WHAT NEEDS TO BE DONE
Could you retype exactly the line containing "Back View Couple" and every line after it in the data below, leaving out the pictures?

Captioned web image data:

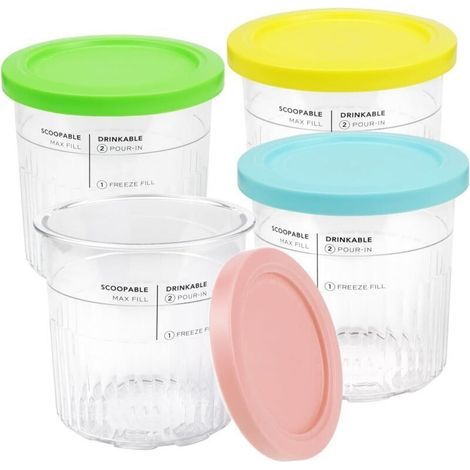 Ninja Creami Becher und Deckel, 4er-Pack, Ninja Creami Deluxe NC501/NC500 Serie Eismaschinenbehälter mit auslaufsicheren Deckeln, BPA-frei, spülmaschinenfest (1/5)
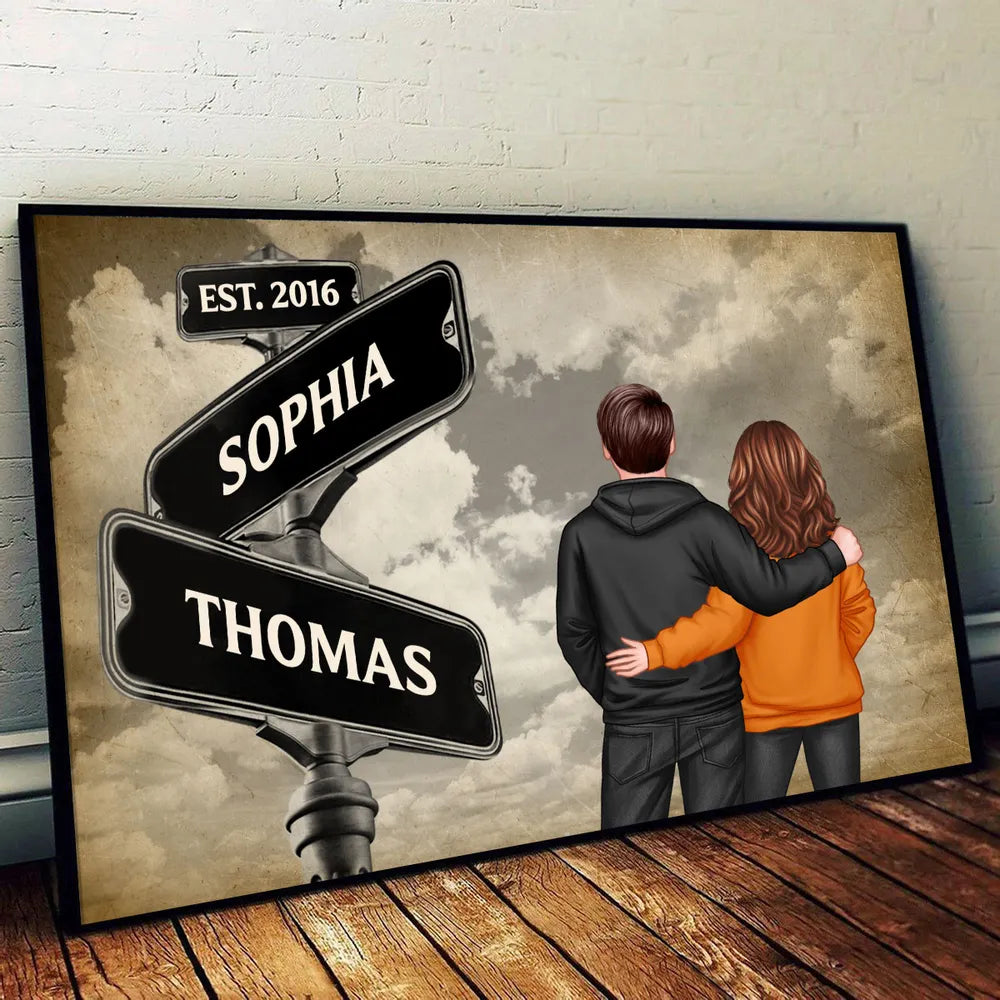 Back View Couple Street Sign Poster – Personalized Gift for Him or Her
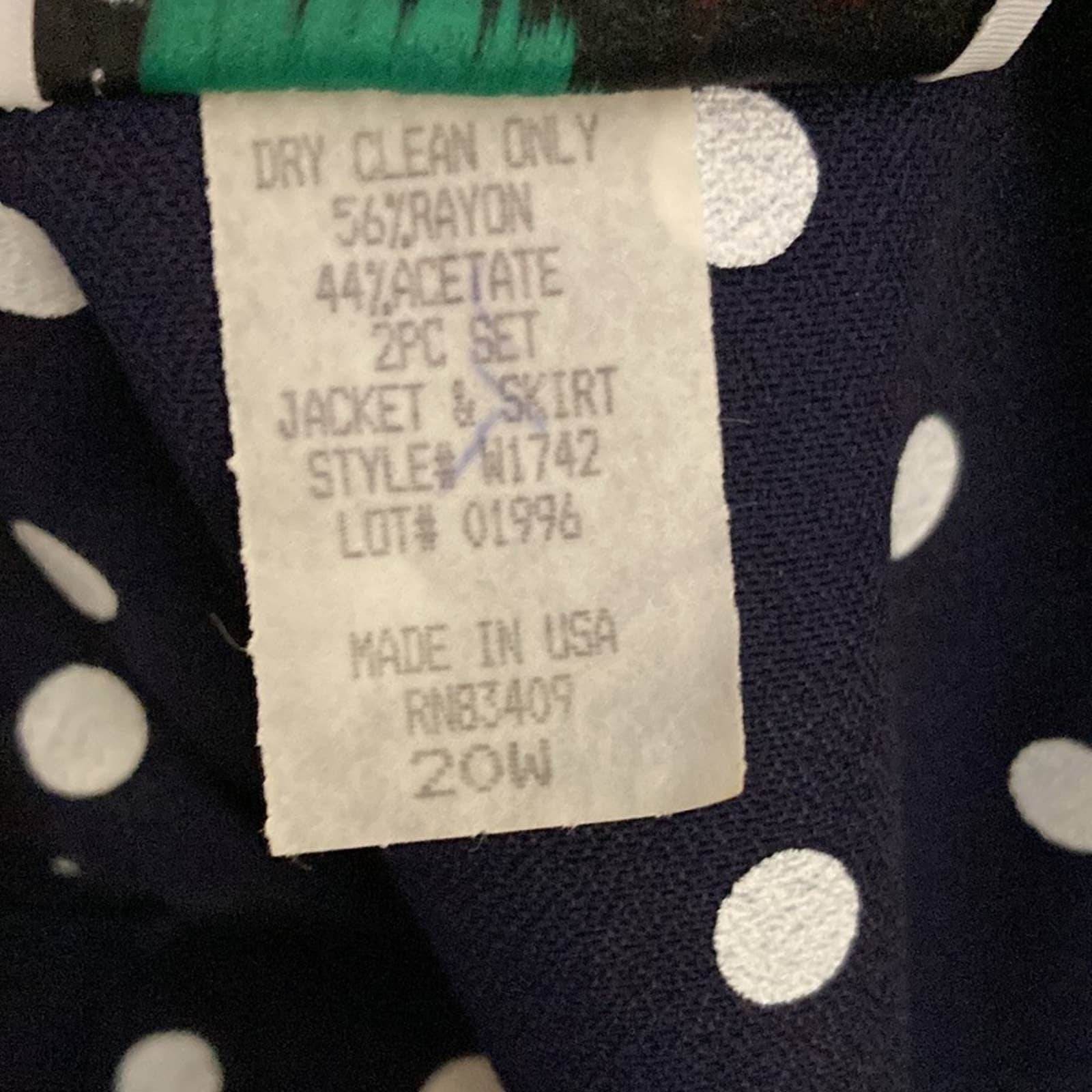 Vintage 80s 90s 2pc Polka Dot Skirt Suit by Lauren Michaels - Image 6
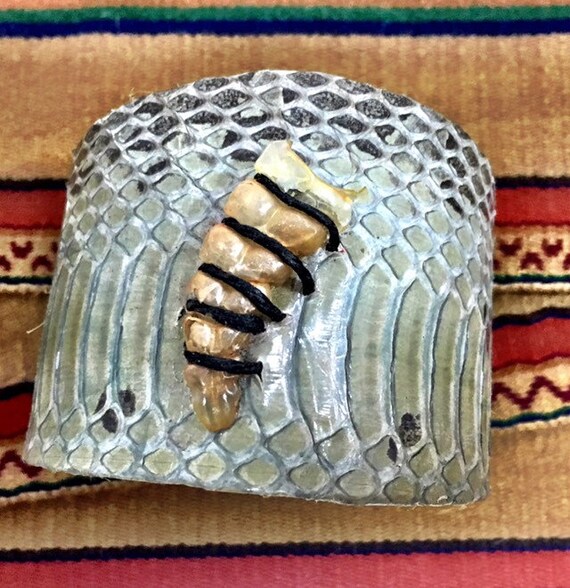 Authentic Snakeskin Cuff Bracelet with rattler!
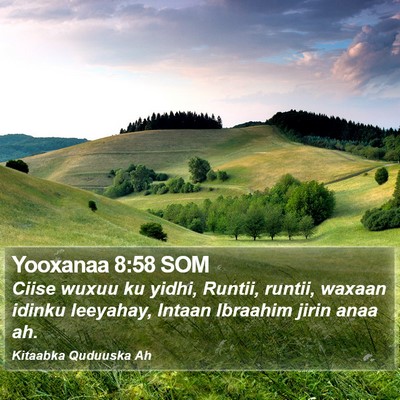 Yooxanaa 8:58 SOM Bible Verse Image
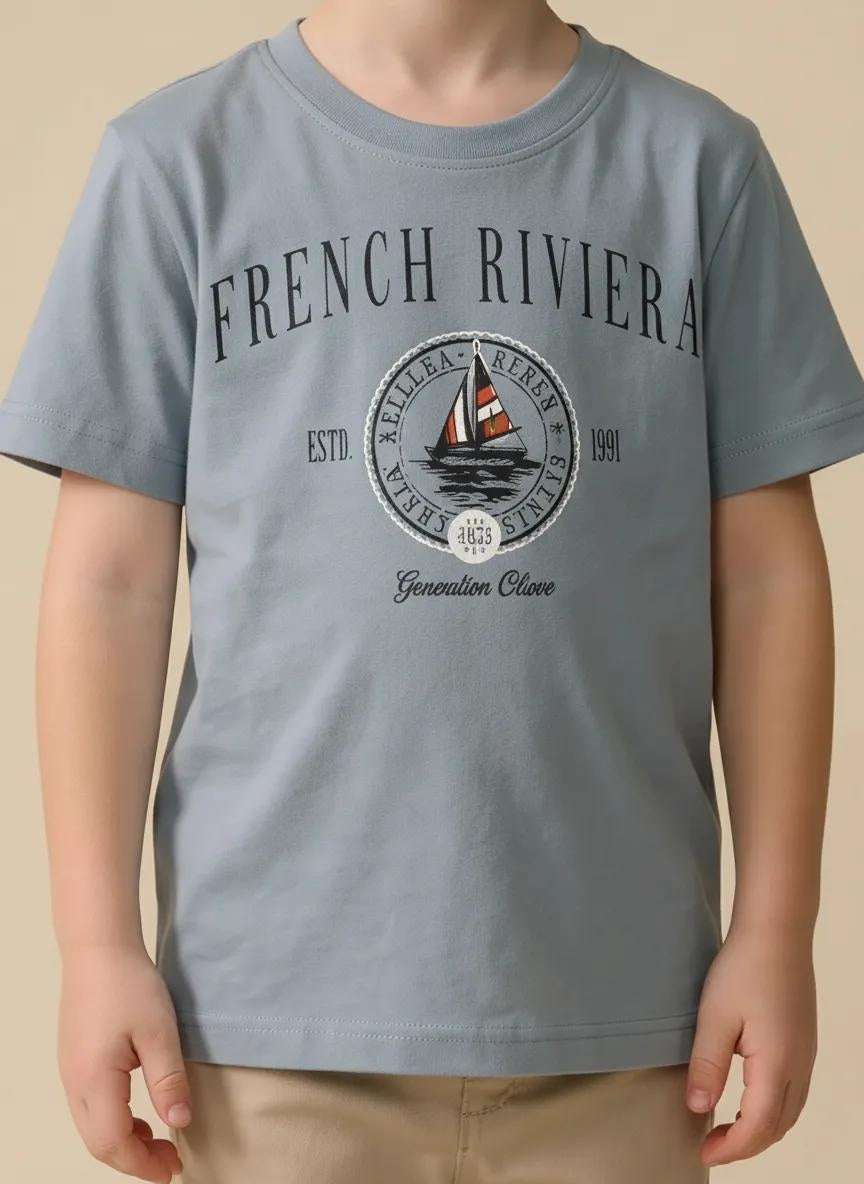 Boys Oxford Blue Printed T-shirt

WRITTEN SOLUTION
 Back View Couple Street Sign Poster – Personalized Gift for Him or Her
 Vintage 80s 90s 2pc Polka Dot Skirt Suit by Lauren Michaels - Image 6
 Authentic Snakeskin Cuff Bracelet with rattler!
 Yooxanaa 8:58 SOM Bible Verse Image
 Boys Oxford Blue Printed T-shirt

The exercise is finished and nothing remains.